--- START ---

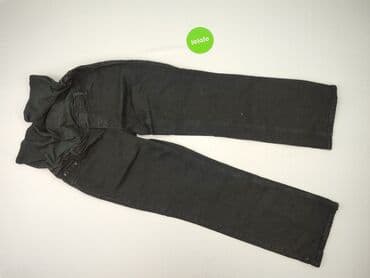 t shirty 4xl allegro: Jeansy damskie, rozmiar 2XL — 2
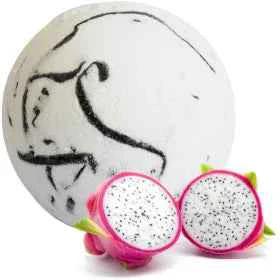 Dragon Fruit Coco Bath Bomb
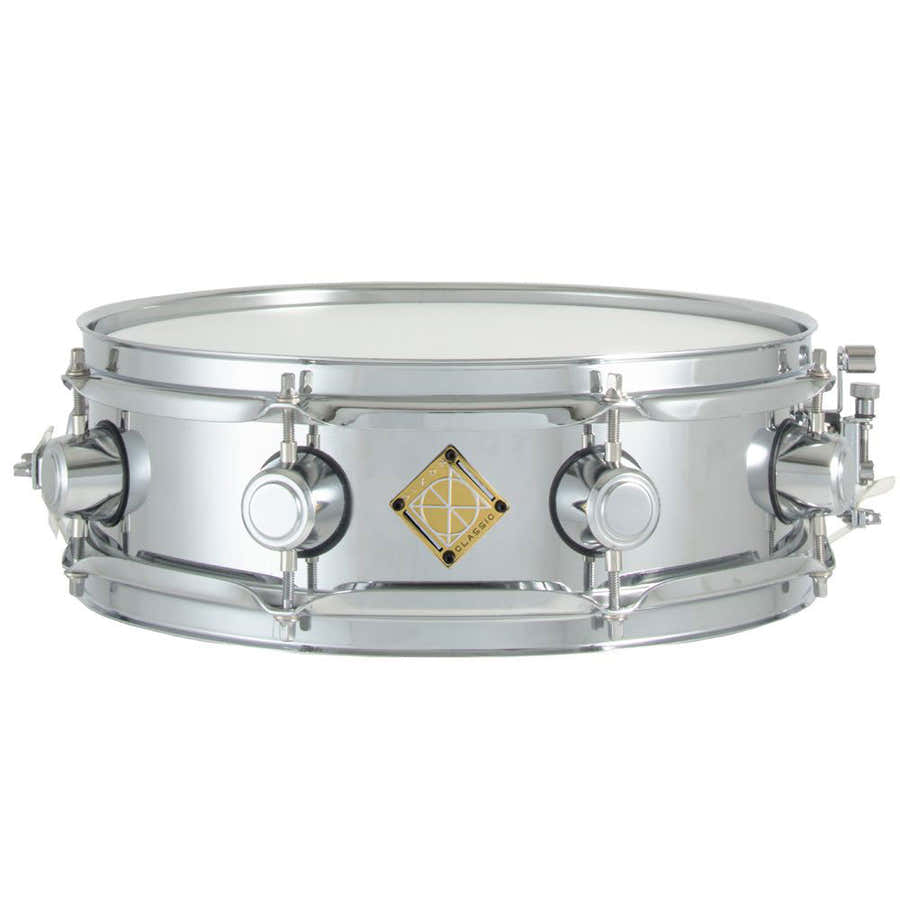 PDSCL413ST - Staal - 13"X4"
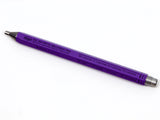 Mark's Tokyo Edge Days Metal Gel Ballpoint Pen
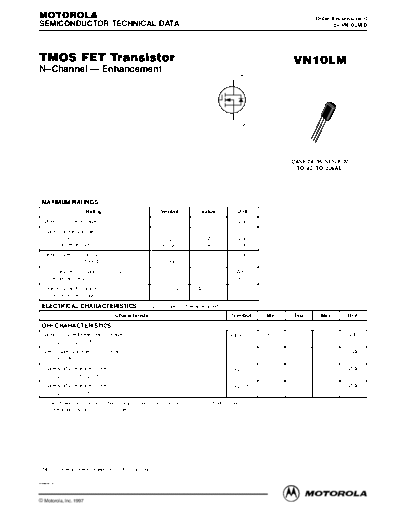 SOLARTRON vn10lm (motorola)  . Rare and Ancient Equipment SOLARTRON 7081 Mickle diagrams vn10lm (motorola).pdf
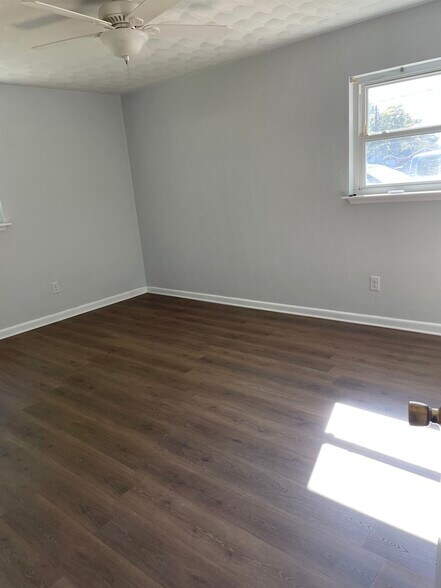 Building Photo - 4708 Maser Ct
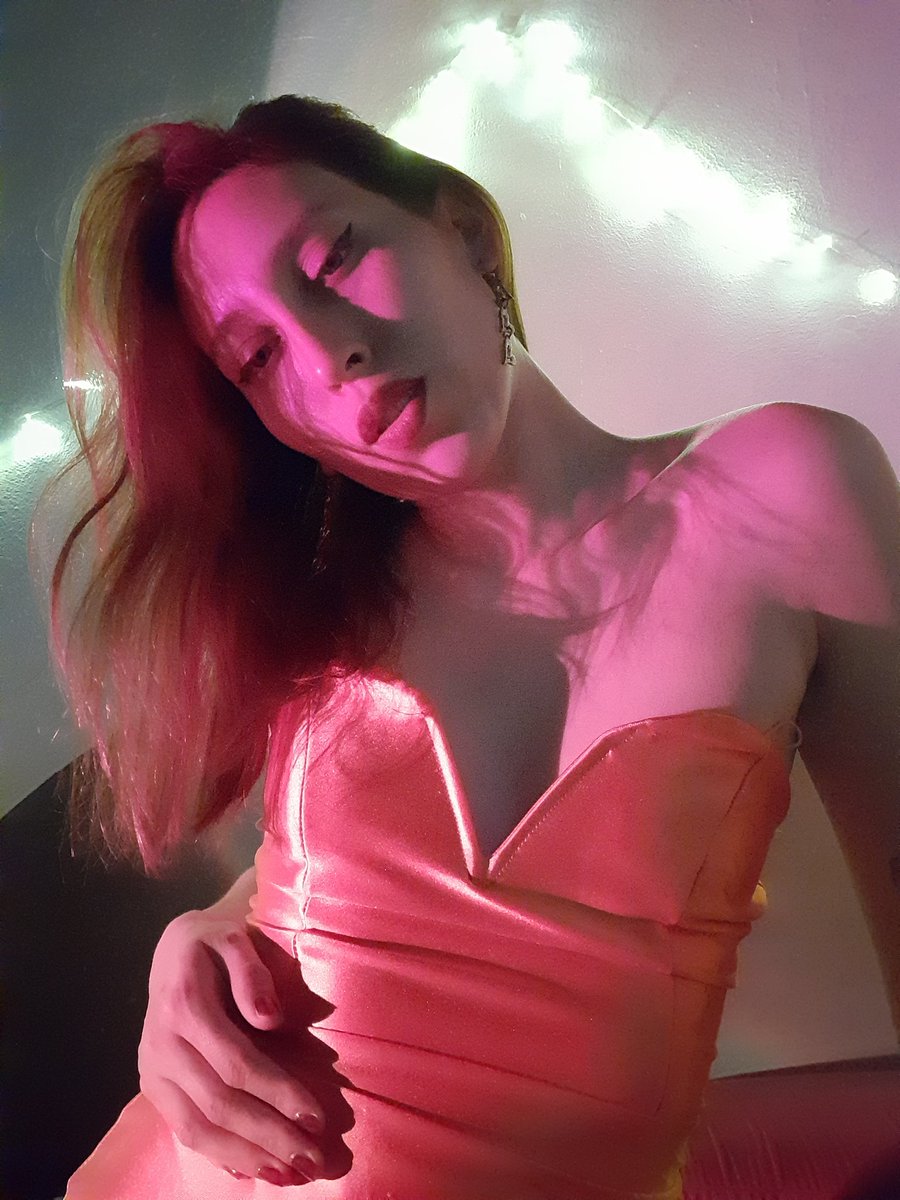 This ass need some spanking 😈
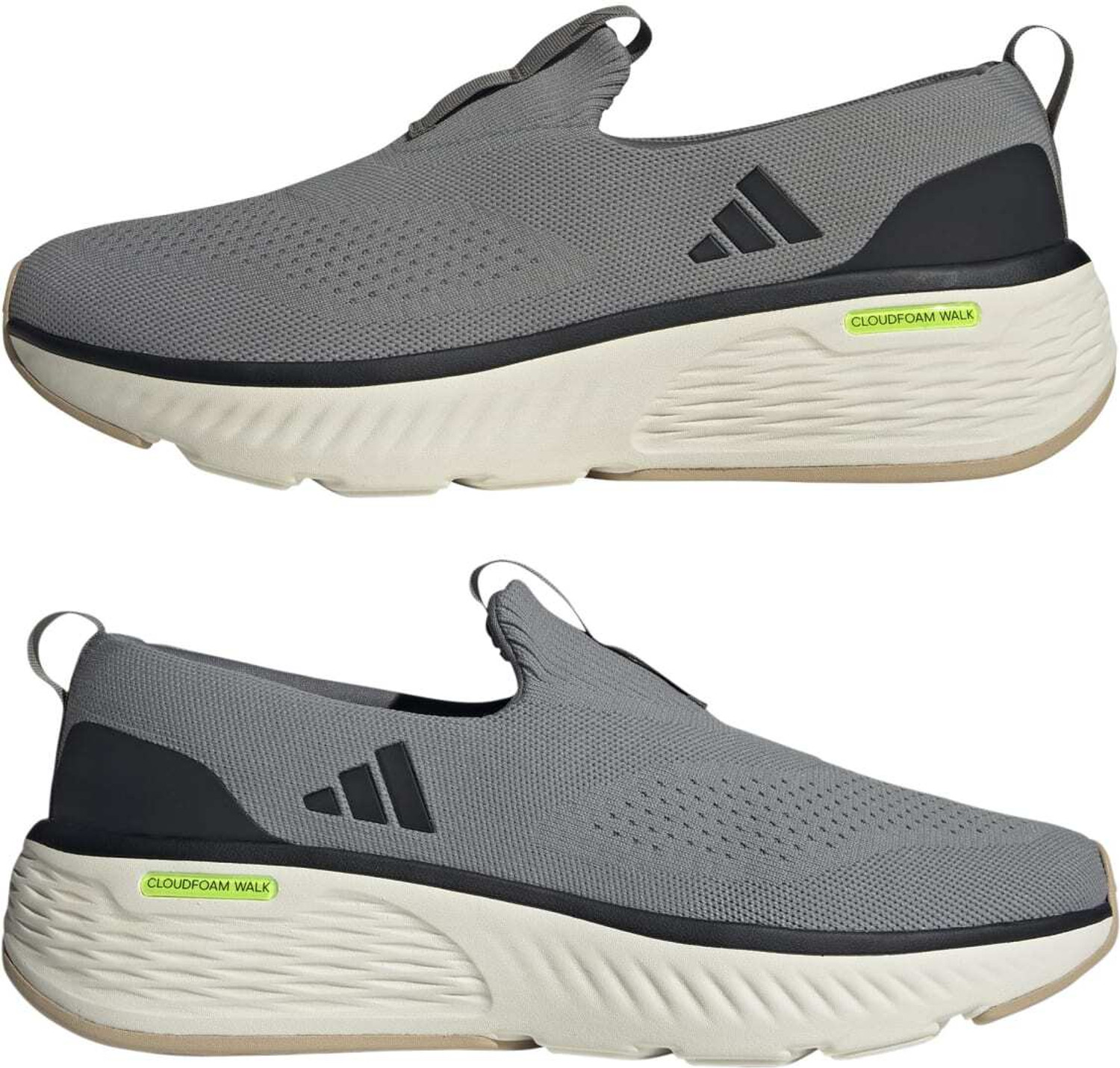 Image of ADIDAS MOULD 2 LOUNGER M Sneakers For Men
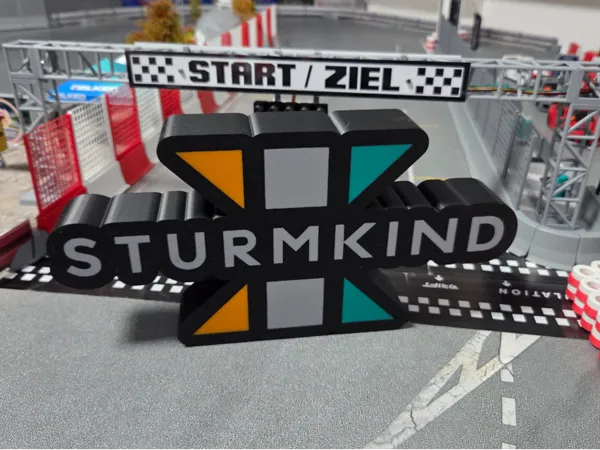 https://makerworld.bblmw.com/makerworld/model/US441c74ecd3655/design/2025-12-11_612e21e7c33e5.jpg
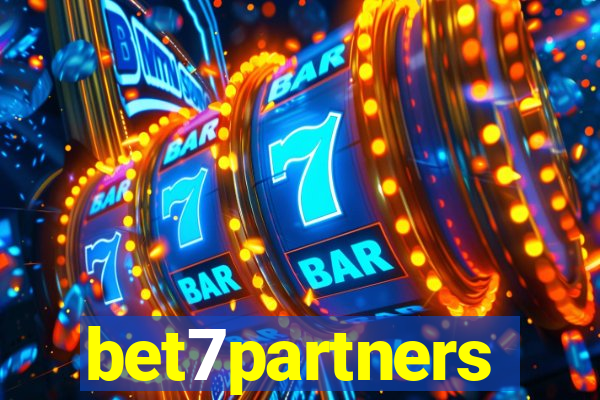 bet7partners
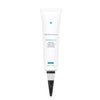 Skinceuticals Retinol 0.3%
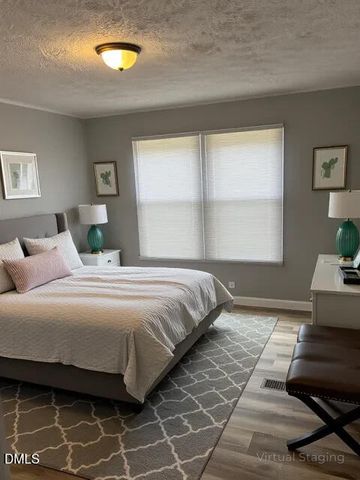 1164 Shocco Springs Road, Warrenton, NC 27589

--- END ---

Leave out all pictures and extract exactly the lines from the line with "This ass need some spanking 😈" through the end of the material.

 This ass need some spanking 😈
 Image of ADIDAS MOULD 2 LOUNGER M Sneakers For Men
 https://makerworld.bblmw.com/makerworld/model/US441c74ecd3655/design/2025-12-11_612e21e7c33e5.jpg
 bet7partners
 Skinceuticals Retinol 0.3%
 1164 Shocco Springs Road, Warrenton, NC 27589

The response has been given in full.